En la apertura de sesiones ordinarias 2026 del Concejo Deliberante de Chicoana, el intendente Esteban Ivetich volvió a hacer algo que ya no sorprende, pero sí llama la atención: despedirse antes de tiempo.

Como marca la ley, encabezó el acto institucional y brindó su mensaje anual ante ediles y vecinos. El eje elegido para el cierre no fue una obra, ni un anuncio rimbombante, sino una frase con aroma a legado: aseguró que dejará “un municipio equilibrado, con superávit y sin deudas”, y que el 10 de diciembre de 2027 el próximo gobierno podrá “empezar a tomar sus propias decisiones” sin cargar con pasivos de 10 o 15 años.

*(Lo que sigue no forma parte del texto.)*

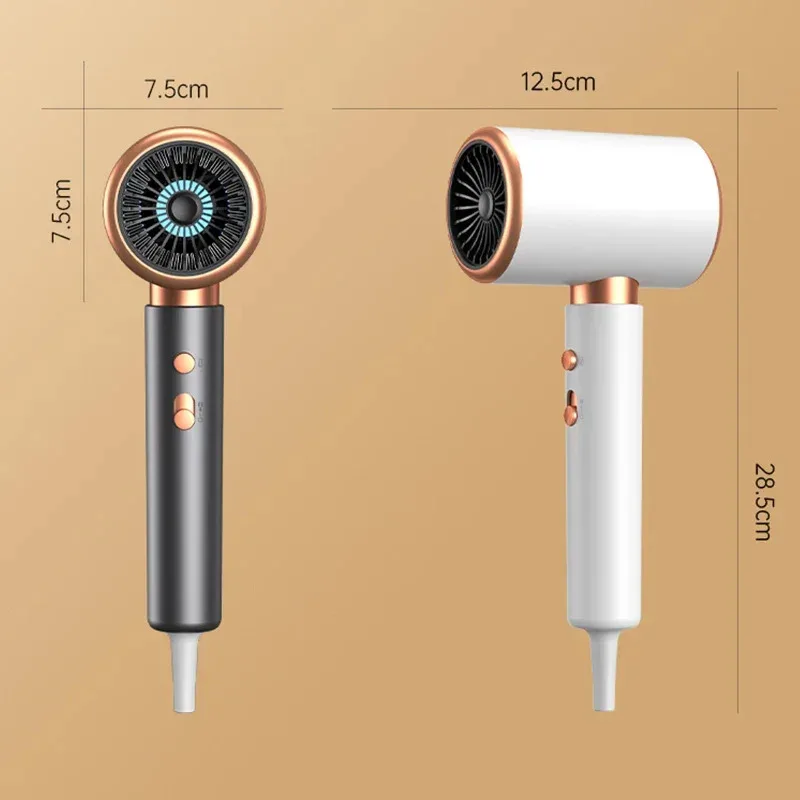 Hair Dryer High-Speed Electric Turbine Airflow, Low Noise, Constant Temperature And Quick Drying, Suitable For Home Salons - Image 6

El mensaje, prolijo en lo administrativo, fue políticamente más profundo de lo que aparenta. Porque no es la primera vez que Ivetich habla en clave de final de ciclo. Y cuando un jefe comunal insiste en que se va, aunque todavía falte, no solo ordena la transición hacia afuera: también mueve el tablero hacia adentro.

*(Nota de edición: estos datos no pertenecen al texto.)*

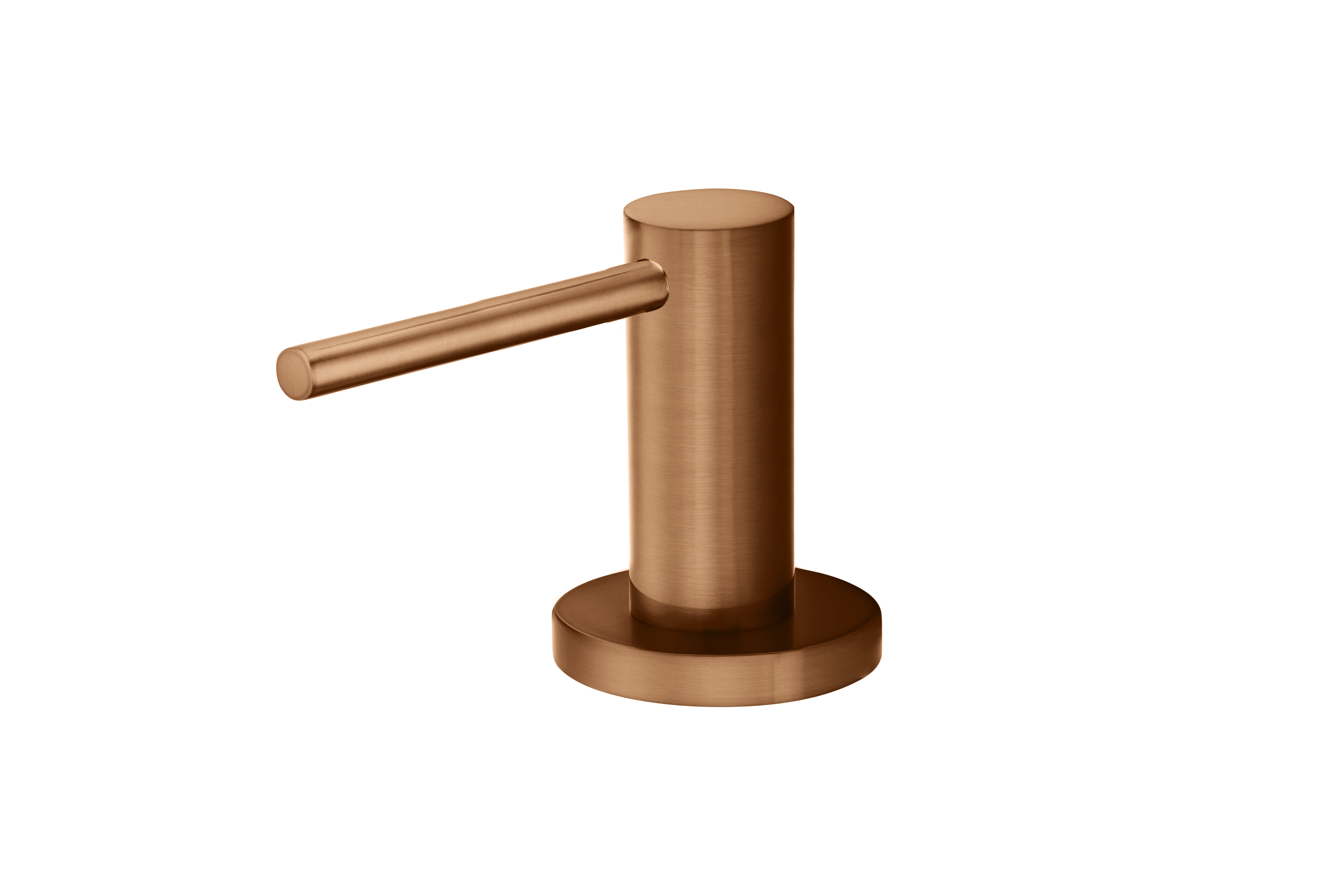 Round Soap Dispenser, Lustre Bronze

Mientras pronunciaba la frase, más de uno en su equipo no pudo disimular una sonrisa expectante. En política, las sonrisas anticipadas suelen decir más que los discursos. Porque si el “rey” anuncia que se va, el problema no es la sucesión formal, sino la carrera silenciosa que empieza detrás del trono.

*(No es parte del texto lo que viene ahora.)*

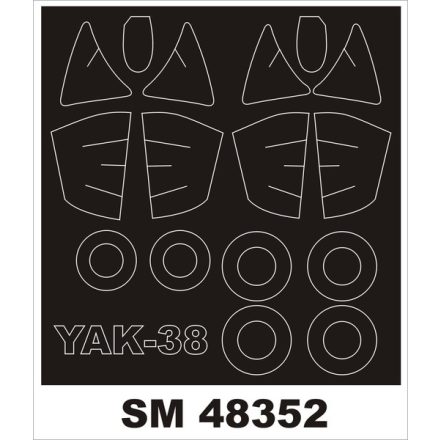 Montex Yak-38 (HOBBY BOSS) maszkoló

Anticipar la salida puede ser un gesto de institucionalidad. Pero también puede abrir tensiones internas, acelerar posicionamientos y despertar ambiciones dormidas. En Chicoana, el saco del poder hace años que le cabe a Ivetich. El interrogante es qué pasa cuando quien lo usa empieza a mostrar que, algún día, lo colgará. En territorios chicos, donde la política se vive puerta a puerta, anunciar la despedida puede ser tan estratégico como riesgoso. Porque en el juego del poder, decir “me voy” nunca es inocente. Y repetirlo, mucho menos.